The mother's breast, helpless village, and benign lily pad were, of course, Chiun, Master of Sinanju, at breakfast. The scorpion, dagger, and volcanic lava were the three exalted members of the International Brotherhood of Raccoons, who had walked down the hall singing "Ninety-Nine Bottles of Beer on the Wall."

As Chiun had expected, Remo again stood up for other whites, explaining away their hideous brutality as "some guys high on beer singing a drinking song," something that in his perverted mind did not call for an immediate return to gentle silence.

"I mean, they couldn't very well throw themselves down a thirty-story shaft with the force of a machine, could they, Little Father? Just for singing a drinking song? Listen, we'll stay out of the cities from now on, if you want peace."

"Why should I be denied a city because of others' brutality?" answered Chiun. He was the Master of Sinanju, latest in a line of the greatest assassins in history. They had served kings and governments before the Roman Empire was a muddy village on the Tiber. And they had always worked best in cities.

"Should we surrender the centers of civilization to the animals of the world because you blindly side white with white all the time?"

"I think they were black, Little Father."

"Same thing. Americans. I give the best years of my life to training a lowly white and at the first sign of conflict, the very first incident, whose side does this white take? Whose side?"

"You killed three men because they sang a song," said Remo.

"Their side," said Chiun, satisfied that once again he had been abused by an ingrate. His long fingernails poked out of his elegant kimono to make the telling point. "Their side," he repeated.

"You couldn't have just let them walk down the damned hallway."

"And brutalize others who might be transcending with the rising sun during breakfast?"

"Only Sinanju transcends with the rising sun. I sincerely doubt that plumbers from Chillicothe, Ohio, or account executives from Madison Avenue transcend with the rising sun."

Chiun turned away. He was about to stop talking to Remo, but Remo had gone to prepare the rice for breakfast, and would not be aware of the slight. So Chiun said:

"I will forgive you this because you believe you are white."

"I am white, Little Father," said Remo.

"No. You couldn't be. I have come to the conclusion that it is not an accident you have become Sinanju."

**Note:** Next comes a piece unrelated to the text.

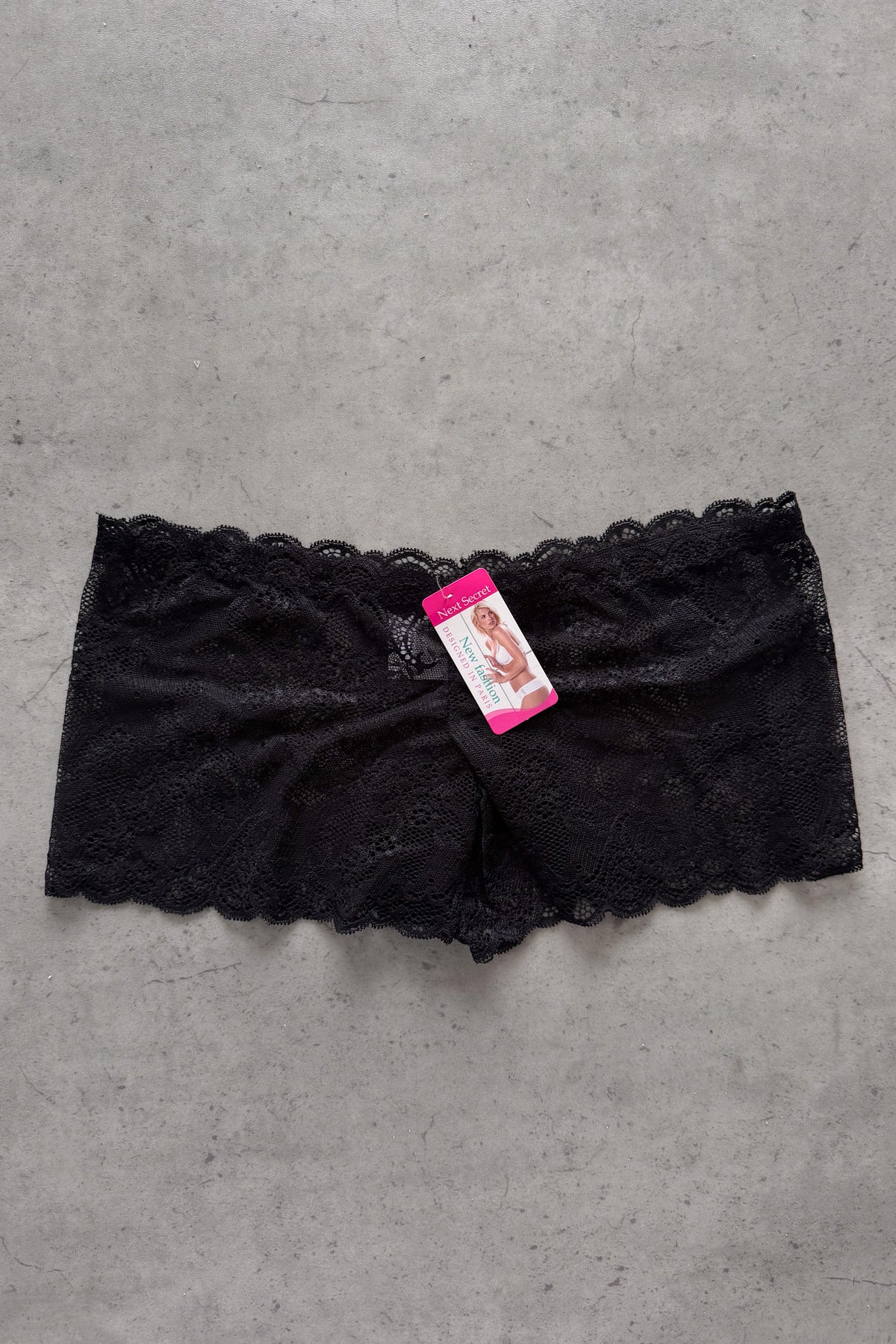 Black booty shorts ★ Large (Fits smaller)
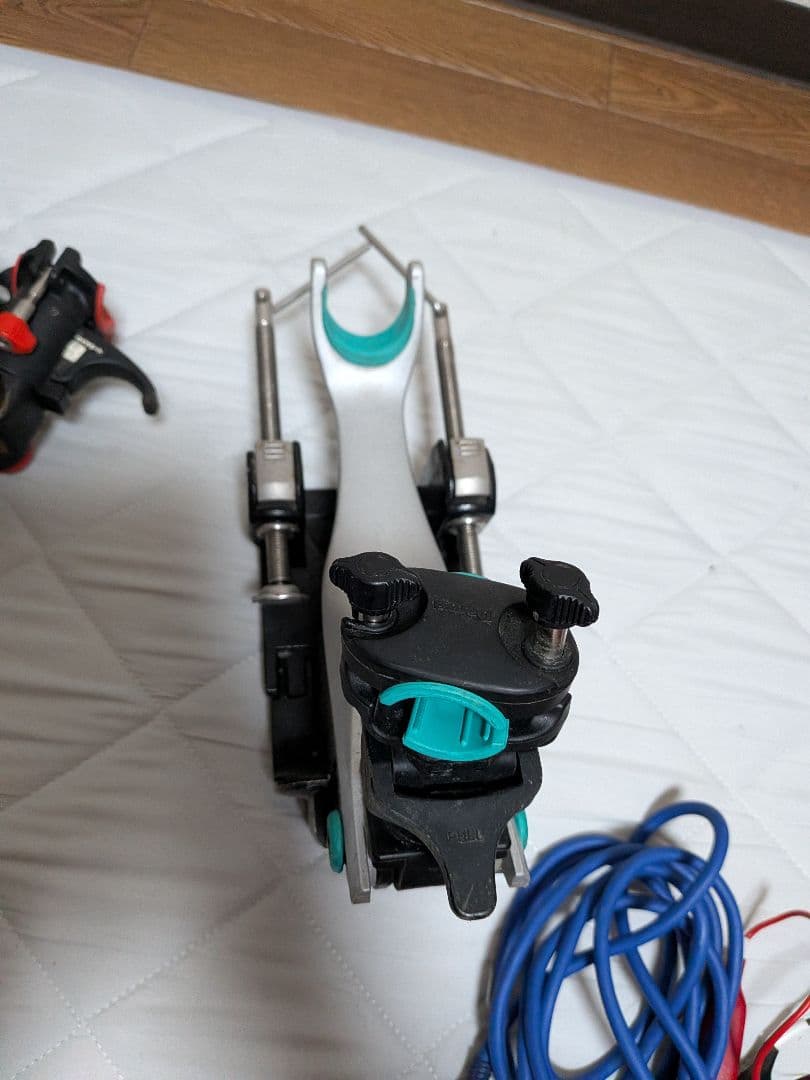 電動リール 青緑ライン付き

"I am not going to start writing in one of your scrolls that my mother was Korean but I didn't know it until you gave me Sinanju."

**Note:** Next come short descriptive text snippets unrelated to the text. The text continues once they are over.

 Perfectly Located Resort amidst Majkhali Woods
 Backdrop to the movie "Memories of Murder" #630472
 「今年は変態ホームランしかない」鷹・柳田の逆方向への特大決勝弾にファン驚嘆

"I didn't ask that," said Chiun.

"I know you have been struggling with how to explain that the only one to master the sun source of all the martial arts, Sinanju, is not Korean, not even Oriental, but white. Pale, blank, blatant white."

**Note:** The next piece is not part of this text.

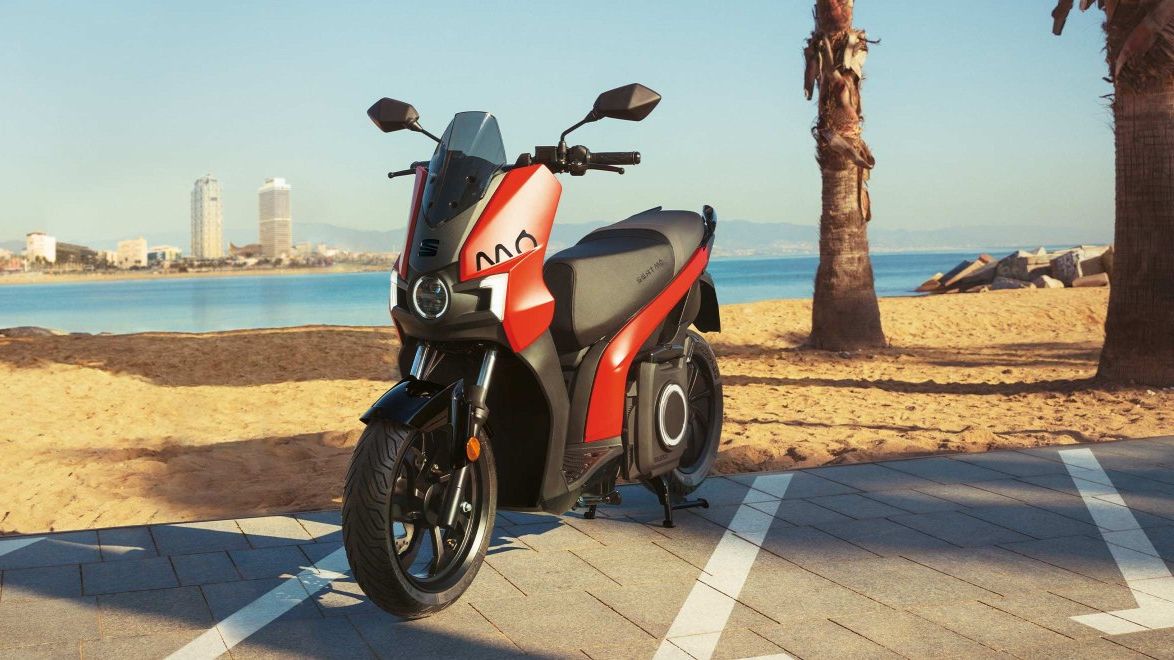 SEAT MÒ 125 auf einen Strandparkplatz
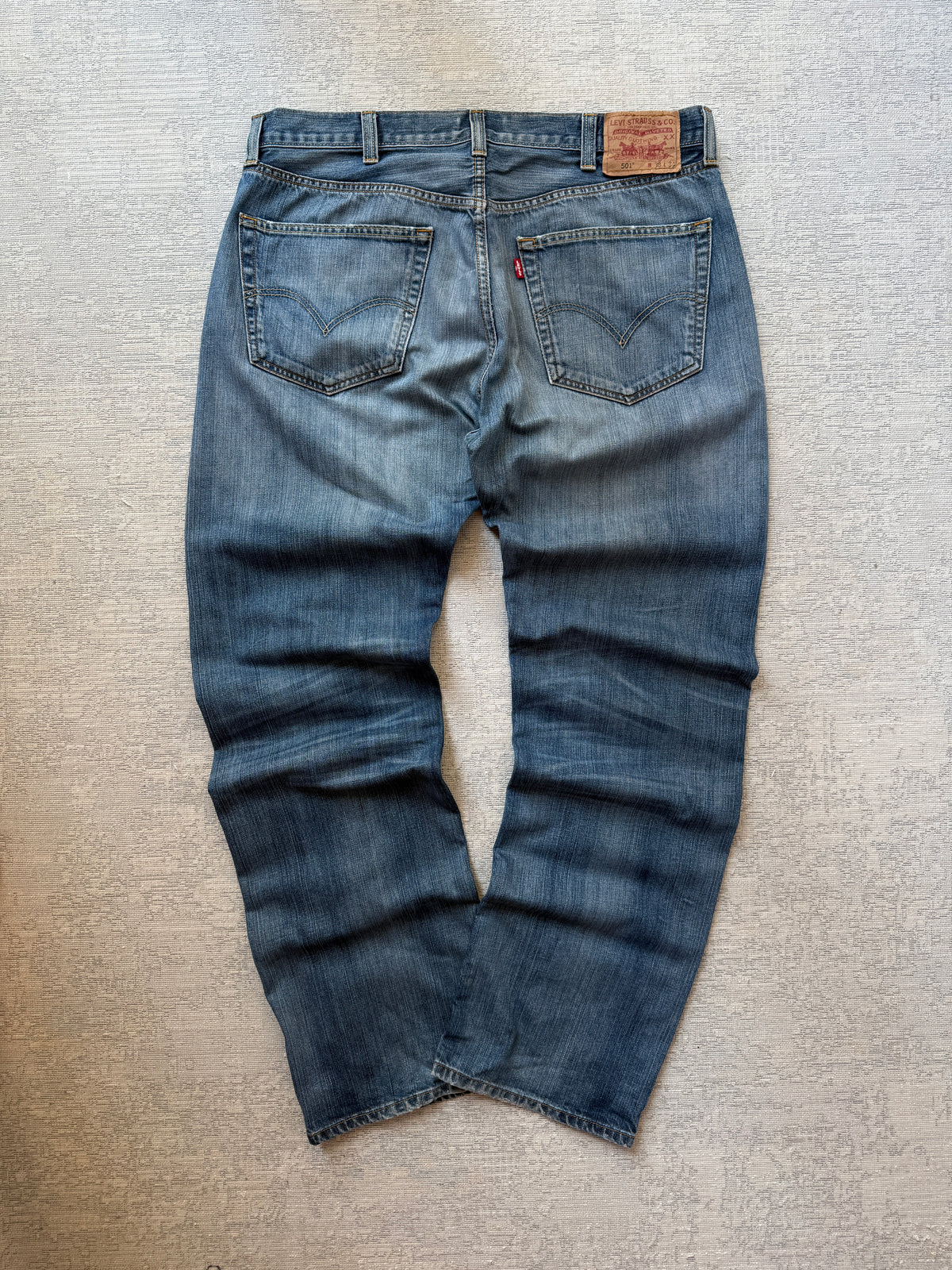 Levi’s 501 Straight Leg Button-Fly Jeans (W38 L34)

"I have not written the histories lately because I did not wish to admit the ingratitude of a white, and how they all stick together even when they owe everything they are to someone kind and decent and mild who thoughtlessly gave the best years of his life to an ingrate."

"It's because I won't write that I'm not white," said Remo. In his training he had read the histories, and knew the long line of assassins the way British schoolboys learned of the ancestry of their kings and queens.

"You said you were raised in an orphanage. Which orphan knows his mother, much less his father? You could have had a Korean father."